Some of the more notable regional and national grocery and convenience chain stores are: Albertsons/Safeway/Tom Thumb Markets, Walmart, Kroger/King Soopers/City Markets, Stater Bros, Food Max, Houchens/IGA/IGA Express/IGA Cross Roads, Kmart, 7-Eleven, United C-stores, Weis Markets, King Kullen, Dierbergs Markets, Hy-Vee Supermarket, WinCo Foods, Price Less Markets, Gristede’s Foods, Toot n Totem and Travel America.
We have been in operation with our first product, Natural Cabana® Lemonade, for almost four years. We expanded this brand into Limeade, which started selling in January, 2014, and into Coconut Water, which started selling in March, 2014.

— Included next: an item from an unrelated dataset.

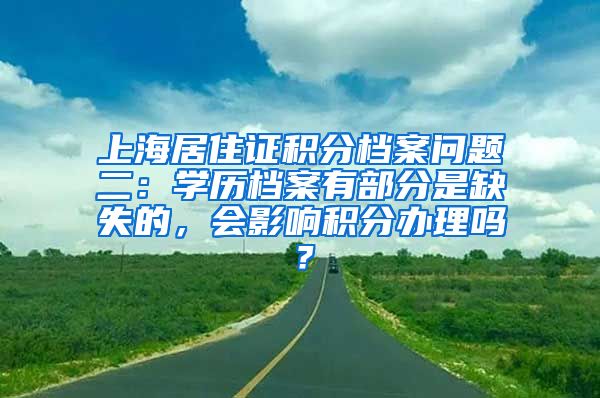 上海居住证积分档案问题二：学历档案有部分是缺失的，会影响积分办理吗？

We currently develop, produce, market, sell and distribute our brands through our strategic regional and international distribution system, which includes over 85% Class “A” distributors and wholesalers such as Sysco, The Sygma Network, UNFI and distributors for Anheuser Busch, Miller Coors, Pepsi, Coca-Cola, RC/7-Up and Cadbury Schweppes.
During YTD-2016 our aggregate gross revenues compared to YTD-2015 decreased by $616,821 to $2,450,949 (YTD-2015 - $3,067,770).

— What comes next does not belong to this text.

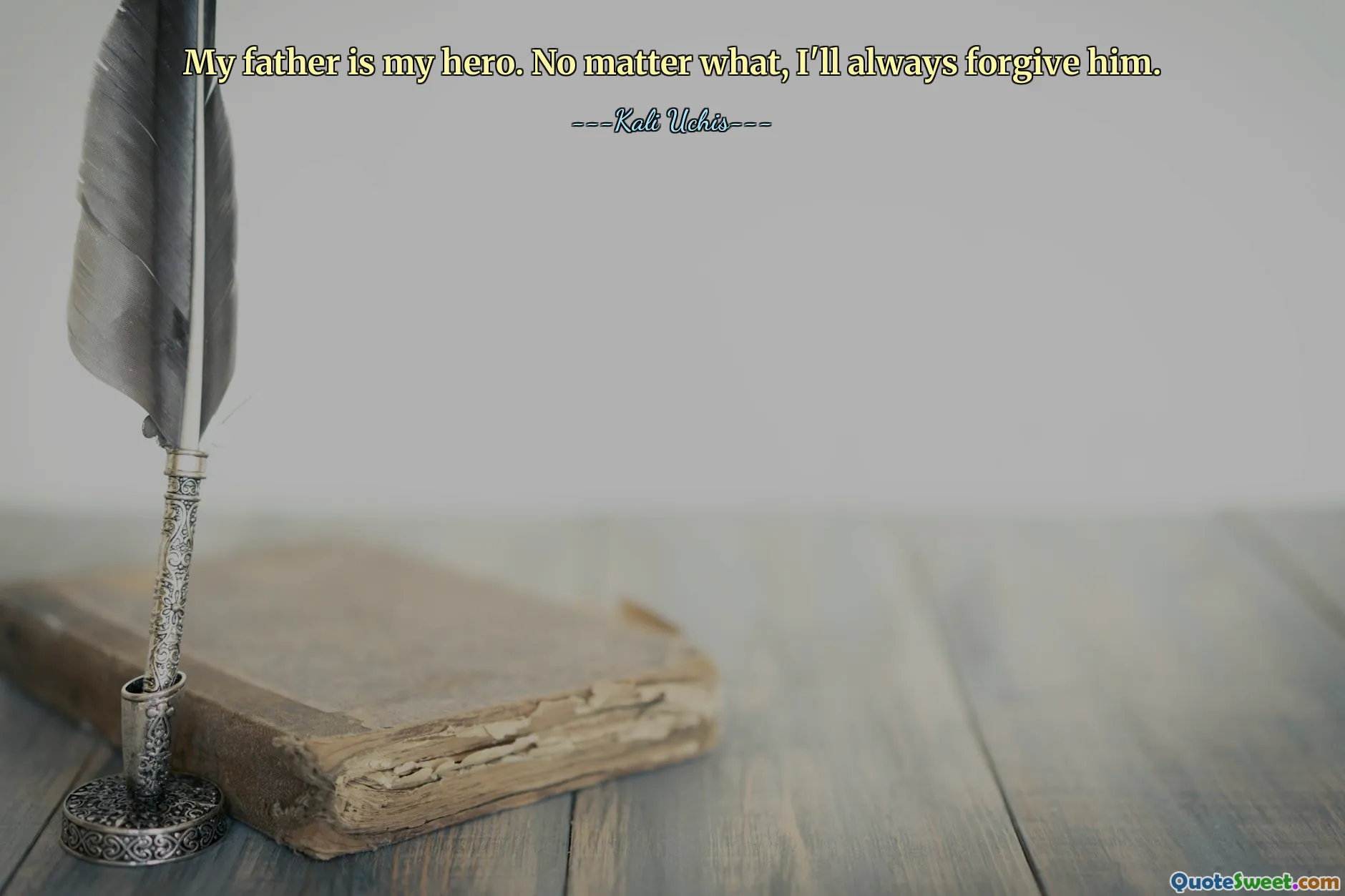 My father is my hero. No matter what, I'll always forgive him.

During YTD-2016 gross revenues, on sale of 170,095 cases (YTD-2015 – 229,726 cases) of Natural Cabana® Lemonade/Limeade, declined by $647,292 to $2,010,891 (YTD-2015 - $2,658,183).
In April, 2016 we introduced our Lemonade/Limeade formula in a 16.9oz glass bottle package under a private label “Citrus tree” for Acme Markets. During YTD-2016 we sold 2,691 cases for sales of $34,887.
During YTD-2016 gross revenues, on sale of 37,226 cases (YTD-2015 – 33,186 cases) of Natural Cabana® Coconut Water, increased by $25,838 to $405,169 (YTD-2015 - $379,331). During the year we introduced a smaller 11.2oz six-pack coconut water which some big box retailers find easier to sell; this should increase net sales during the remainder of 2016.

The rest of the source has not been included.